* EXERCISE PROMPT:
Of the entries below, return only those lines from the line with "F PROJECT【小贵妇！】经典H羊羔毛魔术贴外穿保暖二舅毛毛拖鞋女" to the line with "55 Lb Olympic", exactly, both included.

* MATERIAL PROVIDED:
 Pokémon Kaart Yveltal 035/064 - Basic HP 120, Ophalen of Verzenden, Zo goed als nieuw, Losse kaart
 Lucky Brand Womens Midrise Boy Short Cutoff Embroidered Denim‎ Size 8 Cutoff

==

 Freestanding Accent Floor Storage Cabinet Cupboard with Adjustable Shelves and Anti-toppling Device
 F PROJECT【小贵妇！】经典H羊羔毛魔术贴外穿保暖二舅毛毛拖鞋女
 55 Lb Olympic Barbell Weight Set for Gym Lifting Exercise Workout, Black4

---

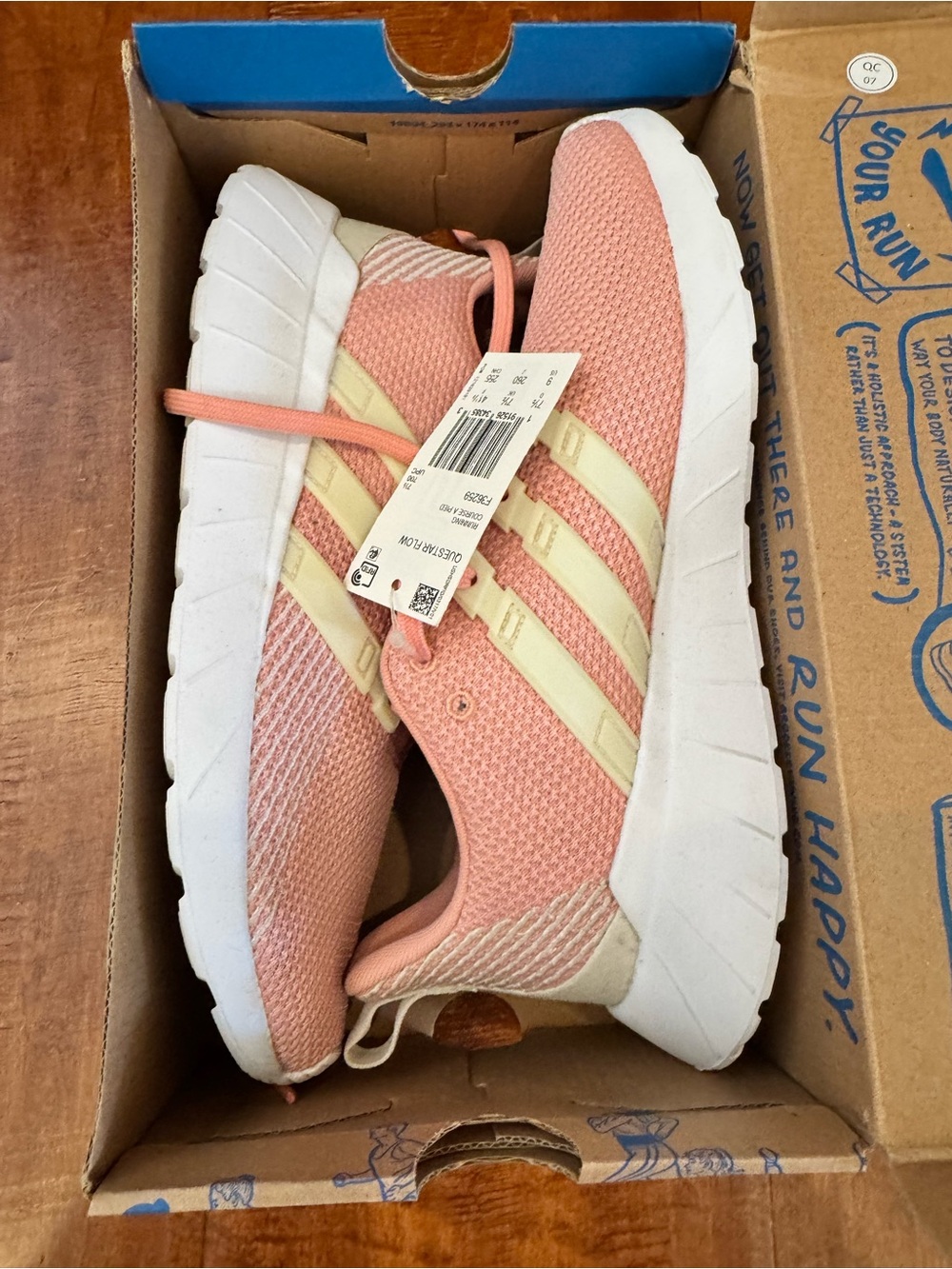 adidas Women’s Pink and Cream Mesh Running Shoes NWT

* EXERCISE OUTPUT:
 F PROJECT【小贵妇！】经典H羊羔毛魔术贴外穿保暖二舅毛毛拖鞋女
 55 Lb Olympic Barbell Weight Set for Gym Lifting Exercise Workout, Black4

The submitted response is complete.